Email: Where is this place? I don’t care what neighborhood it’s in, I’d settle for city and state. And if I got there, what’s in it for me? Is it just to look or can I buy stuff? Yes? No? What if you are a designer, how would you get in on this? None of you should allow anyone to market on your behalf especially if you are paying for it unless you approve it. This was money down the drain. So it was out of my area, maybe I’m planning a trip there. Besides, I know lots of people that might be interested in getting in on this -if we knew where it was.

Local Advertisement we saw at the co-op: Ditto. No address, cross streets, phone, hours of operation or url. Just a plea for people to spend money there. Having just moved back to town, we didn’t know where it was, I forgot my iphone, nobody has phone books anymore and amid competing demands of holiday shopping, we forgot to ask a passing stranger if they knew where it might be -and all on the day we went expressly into town to shop for gifts!
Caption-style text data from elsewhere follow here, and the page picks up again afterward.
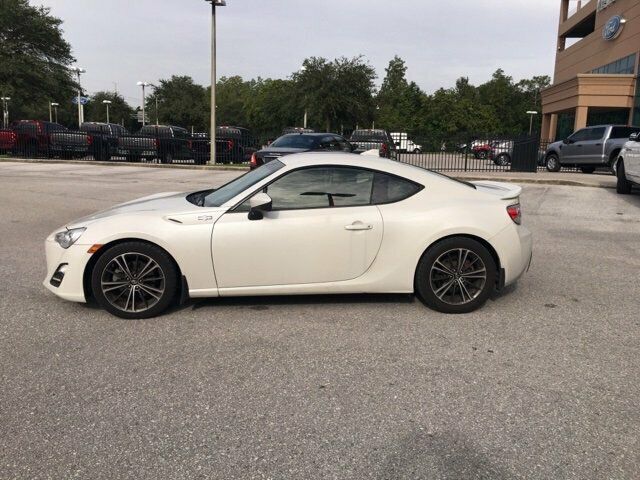 2015 Scion FR-S  2015 Scion FR-S - Fresh Stock Dated October 2025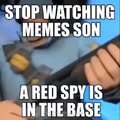 Spy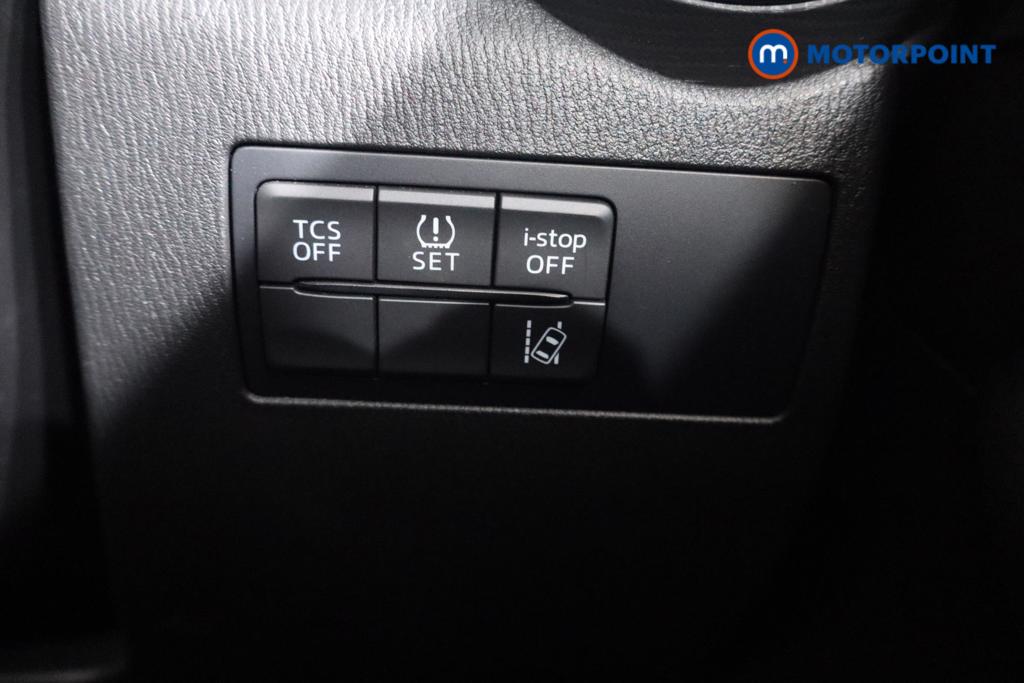 Mazda Cx-3 Sport Nav Manual Petrol SUV - Stock Number (1573200) - 11th supplementary image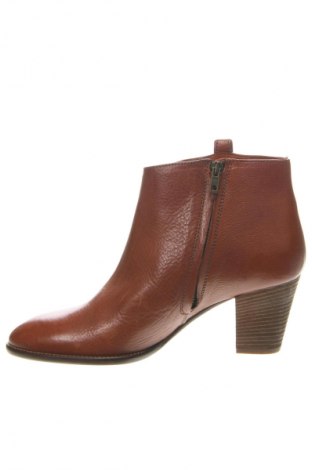 Damen Stiefeletten Madewell, Größe 42, Farbe Braun, Preis € 59,35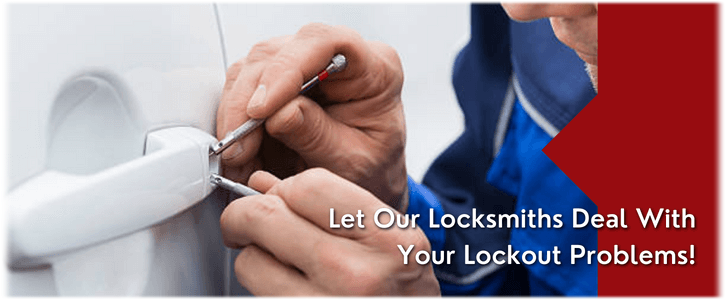 Car Lockout Service Rio Rancho (575) 888-2676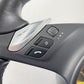 7PP.419.091.AD.A34 / 7PP 419 091 AD A34 / 7PP419091ADA34 10-16 PORSCHE PANAMERA DRIVER STEERING WHEEL W/ PADDLE SHIFTER 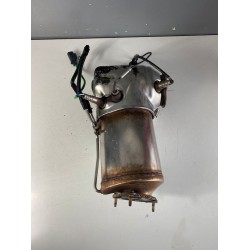 Filtru de particule 2.0 VEA Volvo S60 V70 V40 V40CC V60CC 31439705 36012643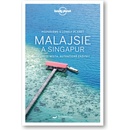 Malajsie a Singapur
While we were hip enough to be in the right place at the right time to see their ad, we obviously weren’t cool enough to be their customer since we didn’t already know where it was.
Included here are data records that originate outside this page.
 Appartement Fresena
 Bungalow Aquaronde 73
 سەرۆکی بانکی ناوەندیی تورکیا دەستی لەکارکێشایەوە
Packaging, box bottom: You’ve convinced me, you are a great earth healer as is the restaurant I patronize because they chose to use your carry out packaging. Let me clue you in to something. One reason I go there is because they use stuff like this so I don’t have to think about it. I pay a premium for that. What you have not told me in spite of all your copious verbiage, is whether I can put your package in my recycle bin. I can’t presume I can because the inside is coated; it looks like plastic but maybe it’s wax? “Please recycle” can be a social exhortation; it doesn’t tell me if I can recycle this specific paper product. I shouldn’t have to think about this.

Summary:
Ask yourself, what are the goals of your marketing strategy? Is it to get people to buy stuff or is it a thinly veiled attempt to measure the IQ of potential customers? If your goal is to assess tenacity, ingenuity, knowledge of current events and geography, become a teacher not a manufacturer. If you want to sell stuff, don’t make me think. Think KISS (keep it simple, stupid).
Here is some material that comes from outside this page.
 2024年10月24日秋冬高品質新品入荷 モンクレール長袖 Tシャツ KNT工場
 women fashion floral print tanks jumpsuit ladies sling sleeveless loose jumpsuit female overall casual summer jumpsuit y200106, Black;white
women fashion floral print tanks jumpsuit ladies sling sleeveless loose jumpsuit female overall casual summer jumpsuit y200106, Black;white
Some messages cross the line in failing to provide basic information because it leaves the underlying message that your goal is to impress recipients with how hip you are, that if the recipient were as hip as you, they’d know too. Only thing is, excluding basic information also implies you only want customers as hip as you [you are the coolest because of all the sophisticated people you know and where you hang] but if no one is as hip as you because you are the coolest … well… it’s no mystery why you have no customers. This circuitously reminds me of why I hated MySpace so much. You could only see product if you were “friends” with the vendor. Facebook has moved in similar ways. If you have a business focused page on Facebook and you require someone to be your friend to see it, good luck. You’ll need it.

Keep this dead center of your marketing implementation if you’ve been missing the mark:
I am the customer, the center of the universe. My favorite word is my own name. I care less about about whether you are cool than whether I am. I shouldn’t have to take an IQ test or a geography quiz to buy your stuff. In fact, I probably won’t buy your stuff if I am forced to have to think about how to do it -so who is the stupid now?

———
FYI: I later did remember to look up the co-op to find it. I went and spent a lot of money. I mentioned this marketing problem at check out and their response was to absolve themselves of responsibility because they were a not for profit and did I want to give a donation. It struck me as a scripted rote response and sort of reminded me of this. Defeated, I’ll continue to shop there because I don’t want the planet to implode and because I like the stuff Little Timmy makes… And the follow up email I sent them about this (and offering to help them with their ad copy) went unanswered.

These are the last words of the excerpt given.